"We ask for disenchanted Socialists' votes openly and honestly"
United Left general coordinator Cayo Lara says his grouping can offer principled opposition to Popular Party
The leftwing United Left (IU) coalition does not conceal the fact that it is after the votes of Socialist sympathizers disillusioned with the Zapatero administration. Its leader, Cayo Lara, a former agricultural union chief and veteran of the Spanish Communist Party (PCE), is casting his eyes on this other constituency as though a long-desired treasure had finally come within his grasp.
Question. Six months ago, in local elections, Spain veered sharply right toward the Popular Party (PP). What makes you believe that citizens want leftwing politics now?
Answer. Part of the Socialist Party's constituency feels betrayed and is now considering its options. That's who we are aiming for.
Q. For years it was the Socialists who went fishing for votes among IU's supporters. Have the tables finally turned?

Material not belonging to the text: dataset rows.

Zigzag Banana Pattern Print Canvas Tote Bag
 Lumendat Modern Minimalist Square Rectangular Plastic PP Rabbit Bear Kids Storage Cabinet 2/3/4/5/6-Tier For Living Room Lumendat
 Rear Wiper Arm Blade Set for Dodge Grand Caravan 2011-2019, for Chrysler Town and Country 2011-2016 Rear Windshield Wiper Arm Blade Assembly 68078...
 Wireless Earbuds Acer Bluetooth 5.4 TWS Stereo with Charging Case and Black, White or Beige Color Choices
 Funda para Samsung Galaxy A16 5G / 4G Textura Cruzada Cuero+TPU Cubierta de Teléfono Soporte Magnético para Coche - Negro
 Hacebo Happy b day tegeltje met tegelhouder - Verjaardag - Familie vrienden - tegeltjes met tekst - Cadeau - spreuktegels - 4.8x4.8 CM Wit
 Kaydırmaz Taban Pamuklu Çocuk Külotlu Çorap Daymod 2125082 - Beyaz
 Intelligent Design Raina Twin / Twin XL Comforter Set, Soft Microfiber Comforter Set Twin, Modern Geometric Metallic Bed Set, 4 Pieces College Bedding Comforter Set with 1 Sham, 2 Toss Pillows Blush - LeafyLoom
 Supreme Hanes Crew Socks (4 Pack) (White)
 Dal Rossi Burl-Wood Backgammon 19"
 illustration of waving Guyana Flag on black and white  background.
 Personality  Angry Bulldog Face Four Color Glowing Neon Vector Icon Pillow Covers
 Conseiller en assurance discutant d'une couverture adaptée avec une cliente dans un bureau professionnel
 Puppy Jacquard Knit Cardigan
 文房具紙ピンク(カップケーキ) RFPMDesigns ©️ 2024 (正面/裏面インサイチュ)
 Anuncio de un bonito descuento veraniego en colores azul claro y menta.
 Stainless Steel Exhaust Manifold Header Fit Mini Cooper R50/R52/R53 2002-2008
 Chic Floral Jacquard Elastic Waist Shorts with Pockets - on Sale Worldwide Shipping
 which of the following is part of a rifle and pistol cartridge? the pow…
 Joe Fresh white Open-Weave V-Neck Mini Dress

A. The Socialists used tricks to do that. They used an unfair electoral law and appealed to the "useful vote" by screaming "Watch out! The right is coming!" The difference is that we have not created an unfair law. We are openly and honestly asking for the vote of disenchanted Socialist sympathizers. We are saying that we will not let them down. The useful vote to stop the rise of the right in parliament, here and now, is a vote for IU. Every time the Socialists open their mouth to criticize the PP's policies, they'll be told: "You did the same only yesterday." They have no moral authority to be a good opposition.
Q. Is the Socialist Party and the PP the same thing, as you've claimed in your campaigning?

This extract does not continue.